Cole noted that some contractors with large cost overruns are "major donors to at least one elected member of the Board of Estimates." Several companies on projects that required extra work orders were active politically.
Archer Western Contractors, which is performing work on the Back River Wastewater Treatment Plant, gave money to a political action fund that contributed $500 to Rawlings-Blake in 2014. Spiniello Cos., which repairs water mains, has given $6,000 to Young over two election cycles. R.E. Harrington Plumbing and Heating donated to the campaigns of both Rawlings-Blake and Young in 2011. And M. Luis Construction Co. has donated more than $5,000 to Young over two election cycles.

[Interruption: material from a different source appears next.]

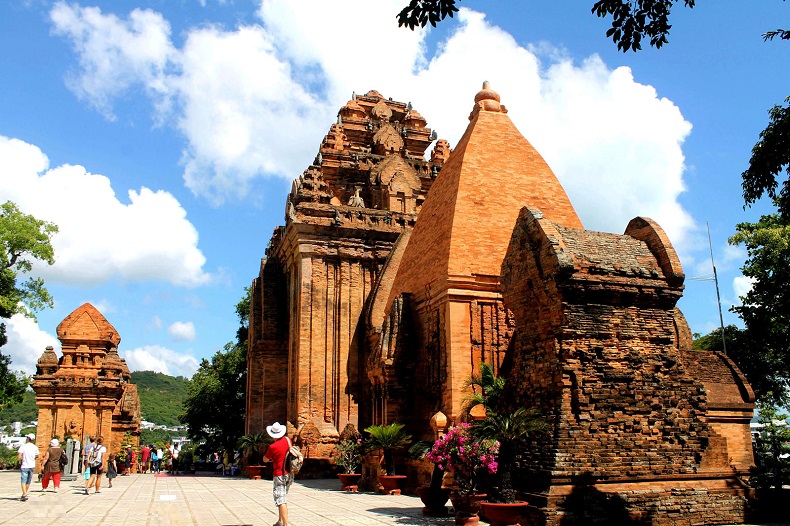 Mua vé máy bay Tết dù là để về sum họp gia đình hay đi du lịch thì cũng cần lưu ý đến các đợt mở bán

Rawlings-Blake and Young deny that campaign contributions have any influence over contracts, and said that they evaluated each contract on its merits.
But City Councilman Carl Stokes, chairman of the council's Taxation, Finance and Economic Development Committee, thinks the city could draw a tougher line with contractors and suggested penalties for those who routinely run over budget.
"If change orders are allowed without any penalty, you will keep getting change orders," Stokes said. "You've got to say to people, 'We're accepting your bid. If you run over, you're going to eat it.'"
The city is beginning to approach some contracts in new ways in an effort to keep costs down. In May, the city entered into a new model of contract for work at the Back River Wastewater Treatment Plant that will give the contractor more input in the early design stages of the job. The hope is to head off cost overruns by giving the contractor more responsibility in creating the vision for the project.
"I'm optimistic that by thinking creatively we will be able to deliver some of our projects for less money and in less time than what has become typical," said Rudy S. Chow, the city's director of public works. "We have billions of dollars in capital projects ahead of us, and we must continue to invest our ratepayers' money wisely."